Join the adventure with the T-Team, click on the link below:

Trekking With the T-Team: Central Australian Safari 1981 

T-Team (the younger) Series–Chambers Gorge

The Road-Trip of No Destination

[Watched the first two of the Mad Max series, lately. Memories of the younger of the T-Team (my brother and me with a couple of friends) surfaced. We piled into my brother’s Chrysler Charger or whatever, and with roughin’ it on our minds, we travel up north of Adelaide to the Flinders Ranges; our sights set on Chambers Gorge…]

Back in the mid-1980’s my brother rarely used a map, not a map I could see. The Adelaide Street Directory, all faded and lying on the back seat under the stiff-from-salt-beach towels, doesn’t cover way-out country areas such as the Flinders Ranges.

[Photo 1: A street directory much like this one, courtesy of L.M. Kling]

Every Easter, commencing Maundy Thursday, we’d pile into my brother’s latest Chrysler charger or whatever, and roll along to the car stereo-cassette player blasting out local South Australian band Red Gum.
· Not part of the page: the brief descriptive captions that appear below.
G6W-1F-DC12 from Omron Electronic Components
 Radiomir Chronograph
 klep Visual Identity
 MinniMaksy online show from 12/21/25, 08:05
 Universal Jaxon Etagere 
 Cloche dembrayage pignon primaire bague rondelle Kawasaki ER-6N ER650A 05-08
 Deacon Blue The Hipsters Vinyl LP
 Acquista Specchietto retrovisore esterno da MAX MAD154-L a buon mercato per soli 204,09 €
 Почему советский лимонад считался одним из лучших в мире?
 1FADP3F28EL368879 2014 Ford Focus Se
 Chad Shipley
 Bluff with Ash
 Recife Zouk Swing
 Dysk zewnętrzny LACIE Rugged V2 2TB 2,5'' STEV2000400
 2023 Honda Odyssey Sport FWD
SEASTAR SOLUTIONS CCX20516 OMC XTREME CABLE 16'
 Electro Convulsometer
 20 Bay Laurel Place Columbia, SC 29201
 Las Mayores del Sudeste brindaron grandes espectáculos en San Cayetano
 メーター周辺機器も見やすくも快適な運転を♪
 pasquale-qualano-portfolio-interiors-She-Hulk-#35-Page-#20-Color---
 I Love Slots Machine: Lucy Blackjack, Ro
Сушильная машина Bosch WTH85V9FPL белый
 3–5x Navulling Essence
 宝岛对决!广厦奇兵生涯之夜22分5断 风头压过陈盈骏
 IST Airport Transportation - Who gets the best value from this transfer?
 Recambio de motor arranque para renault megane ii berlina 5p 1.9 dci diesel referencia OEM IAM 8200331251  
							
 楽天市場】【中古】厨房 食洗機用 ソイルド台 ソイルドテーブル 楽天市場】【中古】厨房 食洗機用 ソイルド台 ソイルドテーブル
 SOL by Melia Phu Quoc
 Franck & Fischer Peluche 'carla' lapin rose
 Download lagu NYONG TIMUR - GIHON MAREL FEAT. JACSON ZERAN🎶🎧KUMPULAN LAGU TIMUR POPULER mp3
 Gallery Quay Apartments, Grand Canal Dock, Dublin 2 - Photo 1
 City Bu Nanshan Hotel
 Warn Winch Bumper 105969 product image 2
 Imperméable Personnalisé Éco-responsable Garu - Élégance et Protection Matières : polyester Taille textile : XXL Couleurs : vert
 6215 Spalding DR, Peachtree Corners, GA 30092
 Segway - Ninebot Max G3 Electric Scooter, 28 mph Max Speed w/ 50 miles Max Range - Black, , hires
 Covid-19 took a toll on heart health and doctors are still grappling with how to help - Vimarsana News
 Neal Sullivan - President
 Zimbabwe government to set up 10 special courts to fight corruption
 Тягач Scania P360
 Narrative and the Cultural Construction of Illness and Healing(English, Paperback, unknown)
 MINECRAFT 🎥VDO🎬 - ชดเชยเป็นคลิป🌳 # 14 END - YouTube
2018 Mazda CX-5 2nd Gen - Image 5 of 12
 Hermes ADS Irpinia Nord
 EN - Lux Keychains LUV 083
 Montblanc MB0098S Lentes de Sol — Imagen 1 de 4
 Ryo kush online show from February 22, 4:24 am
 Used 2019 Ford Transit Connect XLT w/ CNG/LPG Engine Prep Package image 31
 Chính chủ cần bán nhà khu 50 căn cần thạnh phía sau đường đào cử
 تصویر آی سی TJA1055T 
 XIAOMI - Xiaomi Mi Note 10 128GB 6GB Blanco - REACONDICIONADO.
Up Port Wakefield Road we’d go, and if we were fortunate enough not the break down there, as one tends to do on Port Wakefield Road, we’d sally on forth to the Flinders Ranges, about four hundred kilometres north of Adelaide.

[Photo 2: Classic view of the Flinders Ranges from the highway © L.M. Kling 1999]

We’d start our journey late, usually after nine at night, as some of my brother’s friends had work and had to eat dinner, then finally pack before they were ready to leave.

[Photo 3: We probably took the trip in my brother’s red Chrysler Charger © courtesy of L.M. Kling]

One time, my brother and I took friends Barney and Doris (not their real names) on a planned trip to Chambers Gorge, situated in the north-eastern part of the Flinders Ranges. We must’ve left closer to midnight, and my brother and Barney shared the driving through the night. Dirt roads at that time, caused the driving to slow and by the time we neared our destination in the Flinders, the watery blue sky of dawn crept over low hills in the east. In the back seat, Doris and I rested our heads on our bags and slept, while my brother willed himself to keep awake rocking to British band, Dire Straits. There was a short stop as he then, too weary, swapped with Barney.

[Photo 4: Sunrise in the Flinders Ranges © C.D. Trudinger 1981]

Doris and I kept on sleeping.

Then…Bang! The car skidded to a halt.

We spilled out of the car. I rubbed my eyes and looked around. The sun peeped over the horizon of flat desert plains, mountains to the west, jutted like pimples on the edge, still dark, untouched by the sun.

My brother checked the front of the car. ‘It’s all right, no damage. The bull bar took the brunt.’

Barney sauntered down the road, and then returned to us. ‘We hit a roo,’ he said.

‘So, we’ll have roo for breakfast?’ I asked, half-joking.

‘Why not? I’m hungry,’ Barney replied.

‘You can cook it, then,’ my brother said.

‘Okay.’

[Photo 5: Kangaroos in Onkaparinga Gorge; the descendants of ones that avoided having unhappy encounters with cars © L.M. Kling 2019]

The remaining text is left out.